Transmission Control Protocol

Transmission Control Protocol (TCP) is a connection-oriented, reliable delivery byte-stream transport layer protocol currently documented by IETF RFC 793.

In the TCP/IP model, TCP provides an interface between a network layer below and an application layer above. Applications send streams of 8-bit bytes to TCP for delivery onto the network. TCP delineates the byte stream into appropriately sized segments, usually defined by a maximum transmission unit (MTU) size used by the data link layer below.

OSI model

Application layer	FTP	SMTP	HTTP	...
Transport layer	TCP		UDP
Network layer	IP ICMP			ARP
data link layer	Ethernet	Token Ring	FDDI	...

Table of contents

1 Protocol Operation

1.1 Connection establishment
1.2 Data transfer
1.3 Connection termination

2 TCP ports
3 TCP development
4 Alternatives to TCP
5 External Links

Protocol Operation

TCP connections contain three phases: connection establishment, data transfer and connection termination. A 3-way handshake is used to establish a connection. A four-way handshake is used to tear-down a connection. During connection establishment, parameters such as sequence numbers are initialized to help ensure ordered delivery and robustness.

Connection establishment

While it is possible for a pair of end hosts to initiate a connection between themselves simultaneously, typically one end opens a socket and listens passively for a connection from the other. This is commonly referred to as a passive open, and it designates the server-side of a connection. The client-side of a connection initiates an active open by sending an initial SYN segment to the server as part of the 3-way handshake. The server-side should respond to a valid SYN request with a SYN/ACK. Finally, the client-side should respond to the server with an ACK, completing the 3-way handshake and connection establishment phase.

Data transfer

During the data transfer phase, a number of key mechanisms determine TCP's reliability and robustness. These include using sequence numbers for ordering received TCP segments and detecting duplicate data, checksums for segment error detection, and acknowledgements and timers for detecting and adjusting to loss or delay.

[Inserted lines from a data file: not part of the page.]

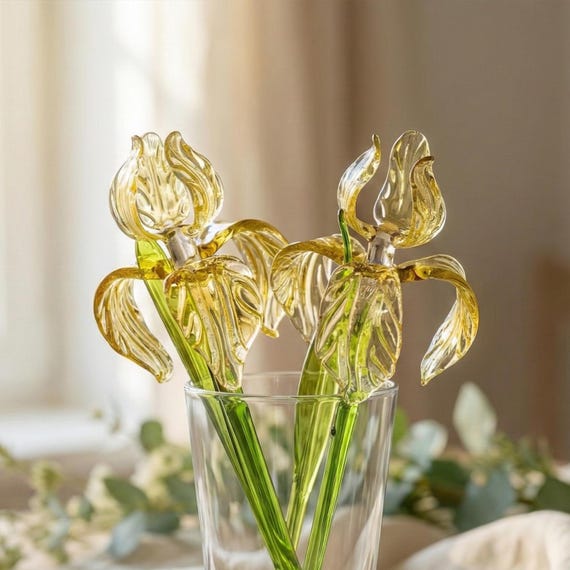 Glass Iris Gift, Blown Glass Flowers Bouquet, Glass Birth Month Flower Gift, Desk Decor, Forever Flowers, Birthday Gifts, Spring Decor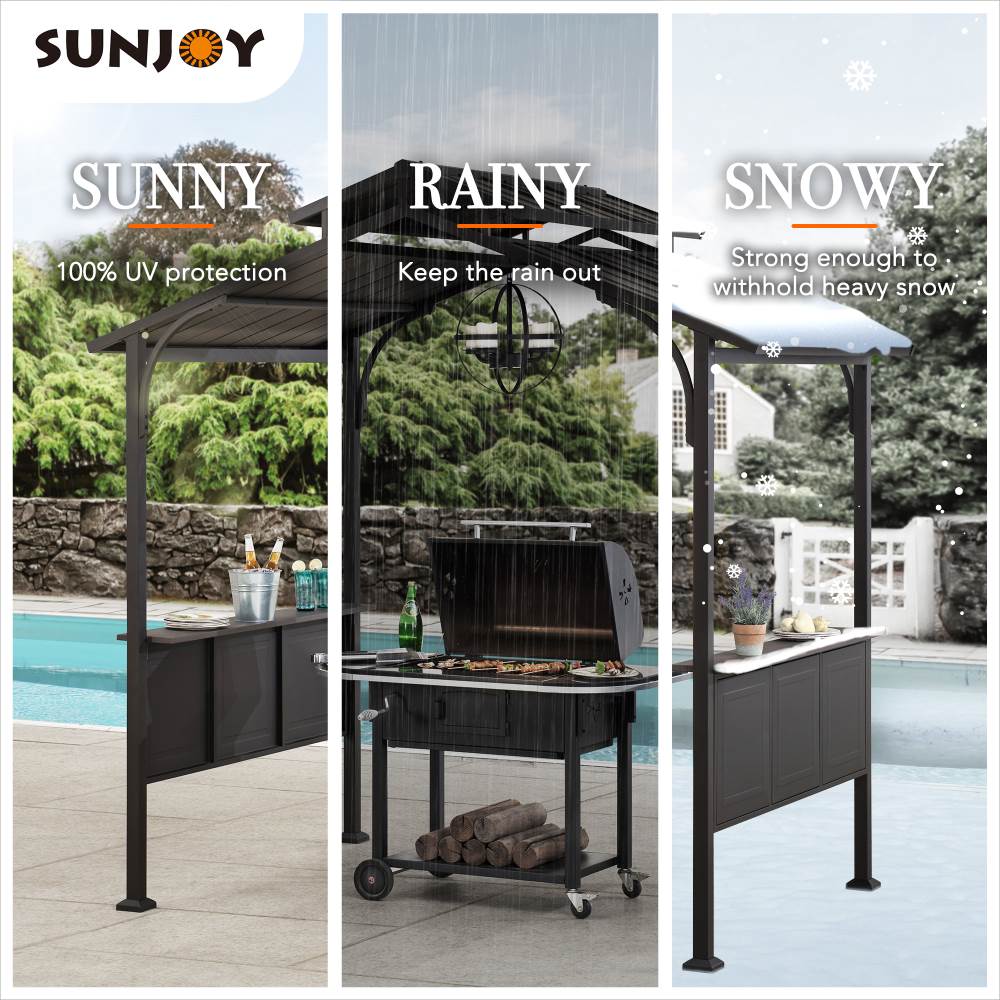 SUNJOY 5x8 Backyard Hardtop Grill Gazebo with Ceiling Hook and Bar Shelves
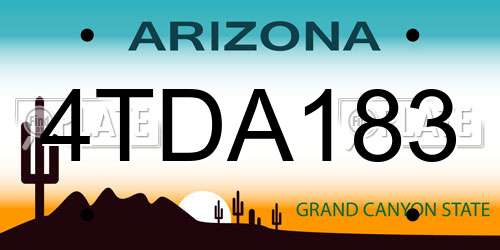 4TDA183 Arizona License Plate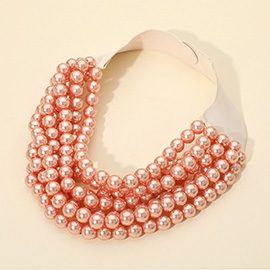Multi Layered Pearl Beaded Collar Magnetic Necklace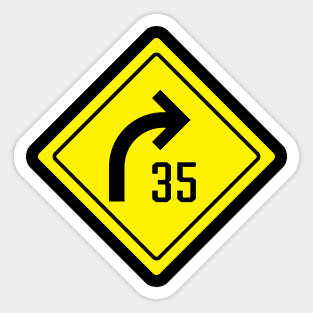 Advisory Curve 35 MPH Sticker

During the TCP connection establishment phase, initial sequence numbers (ISNs) are exchanged between the two TCP speakers. These sequence numbers are used to identify data in the byte stream, and are numbers that identify (and count) user data bytes. There are always a pair of sequence numbers included in every TCP segment, which are referred to as the sequence number and the acknowlegement number. A TCP sender refers to its own sequence number simply as the sequence number, while the TCP sender refers to receiver's sequence number as the acknowlegement number. To maintain reliability, a receiver acknowleges TCP segment data by indicating it has received up to some location of contiguous bytes in the stream. An enhancement to TCP, called selective acknowlegement (SACK), allows a TCP receiver to acknowlege out of order blocks.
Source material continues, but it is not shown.